# Attention biting!



## JasperBlack (Sep 1, 2012)

If I'm busy at the computer Jasper has a habit I biting my sleeve and tugging at me! I'm assuming this is attention seeking. I thought it was him telling me he needed a walk but he did it after his walk as well. I usually try giving a toy and if that doesn't work it's time out. Does anyone else experience this? I am with him all day unless I have to pop out so he isn't lacking in attention, lol! Maybe he's just saying come on mum come and chill and have cuddles  x


Sent from my iPhone using Tapatalk


----------



## Toffin (Aug 8, 2012)

Yes, it might just be his way of asking for a game or some attention. Pol brings a toy, drops it at my side and sits gazing up at me imploringly. Then she vocalises in a sort of moany way - not whining, not crying and not barking thank goodness. All very sweet but a bit frustrating as I work from home and really have to get on after we've done the getting up, walking, exercise, breakfast routine. I just ignore it and she picks up her toy and takes it to bed with her or to her special chair then goes to sleep.
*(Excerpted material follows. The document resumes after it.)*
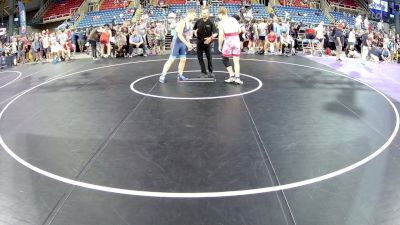 190 lbs Rnd Of 64 - Peter Mocco, FL vs Matthew Polcyn, GA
It's amazing how successful communication is despite the language barrier. When we're out, P always looks back at us if the path divides; I say turn right or left or go straight ahead and she does what I've said! And if she leaves a toy in the garden, I just have to ask 'where's your lion/ball/stripey...?' and she goes out, finds it, brings it back and drops it at my feet. Isn't that incredible!!!!

Sorry, hijacked your query there but am constantly amazed by them.
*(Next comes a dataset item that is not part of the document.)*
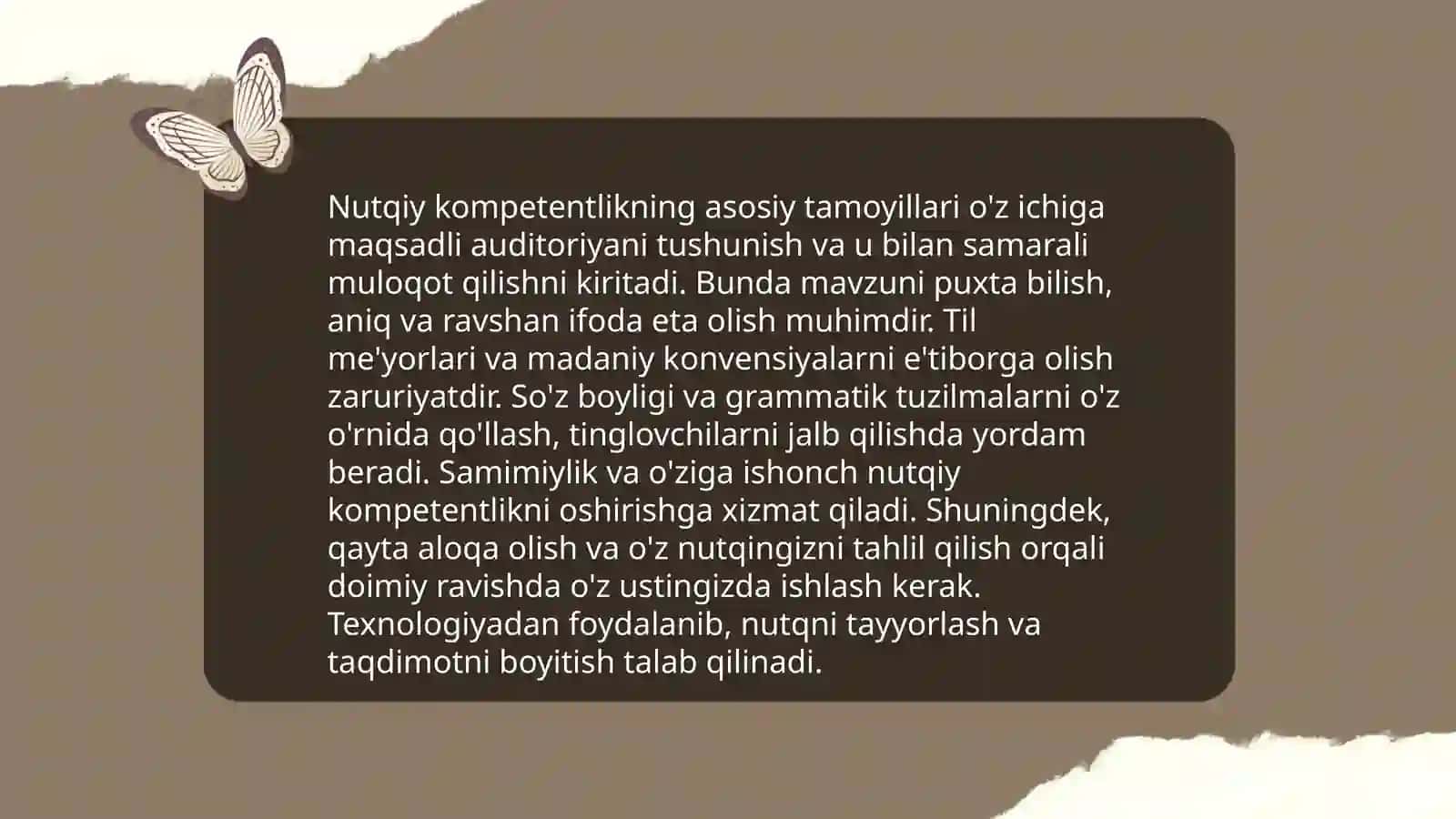 Sôzlashuv nutq uslubi va uning ahamiyati 4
I do think time out for biting for any reason is the way to go.

Toffin
x


----------



## Marzi (Sep 17, 2012)

Polly sounds like a proper Miss Clever Cloggs 
And Jasper has obvioulsy learnt a very clever way of getting your attention.
Ignoring or time out is probably the way to go on that one.
Kiki woofley moans at me for attention and if I ignore her she huffs and goes off to her bed or curls up at my feet.
My naughty collie went through a phase when we were doing competitive obedience of nipping my leg while doing heel work - she was very sly about it and the judges never picked her up for it, obviously I didn't react, in fact we often picked up points for her position in heel work, but I think the nips were her form of protest! She never really enjoyed shows of any sort and I now don't take her - she is happier at home or working on our walks - she is a bit neurotic and stressy and picks up on the tension!


----------



## JasperBlack (Sep 1, 2012)

Bless her! They are so bright aren't they  Jasper usually gets the message, then goes and gets his stag bar which he loves at the moment. I suppose im lucky really as he hasn't destroyed or chewed anything other than the odd shoe lace and 1 door mat, lol! so shouldn't complain  X


Sent from my iPhone using Tapatalk


----------



## DB1 (Jan 20, 2012)

Definitely sounds like 'come on mum, stop that and play - now!' I guess she has probably got attention from it in the past, Dudley does it by barking, he learnt to bark to go outside so of course now he barks whenever he wants me to go to him, I try to ignore it if I know he doesn't need anything - he will then sometimes pick up something he knows he shouldn't and comes up to me as if to say 'look what i've got' - hard to ignore him them, they are clever!


----------



## Jedicrazy (Apr 26, 2011)

Sounds like attention seeking to me. Obi bats me with his paw and if I ignore him he "talks" to me and if that fails he barks at me. Of course then he has my attention as I tell him to be quiet - clever little dogs aren't they....


----------



## JasperBlack (Sep 1, 2012)

They certainly are.... The annoying thing is I have tried so hard to not start bad habits but how can you ignore them when they are hanging off your arm! It's usually for cuddle time, when he was little he would sit at the desk on my knee and snuggle, he's probably frustrate because he can't do it now  the thing is cuddle time is the best he drapes him self right over me and is snoring in seconds  oh well a good excuse to chill for 10mins hehehehe! They do say your supposed to take breaks from a computer he's probably more perceptive than I give him credit for   lol


Sent from my iPhone using Tapatalk


----------



## Cat 53 (Aug 26, 2012)

Max butts me with his head and if that doesn't work he hits me with both paws. That's when I tell him to go and lie down because I am busy. He huffs sulkily but gets a bone and goes and sits down.


----------



## JasperBlack (Sep 1, 2012)

Earlier I was on the phone and Jasper came and sat next to me and wrapped both paws round my arm and rested his head on the phone, lol! My husband thought it was hilarious! He just loves mummy cuddles hahaha! He loves visiting my mum too as she gives him her undivided attention, he lays in her arms like a baby. He is the most loving sweet natured dog I have ever had. Apart from his attention seeking moments hehehe, no-one can be perfect all the time 


Sent from my iPhone using Tapatalk


----------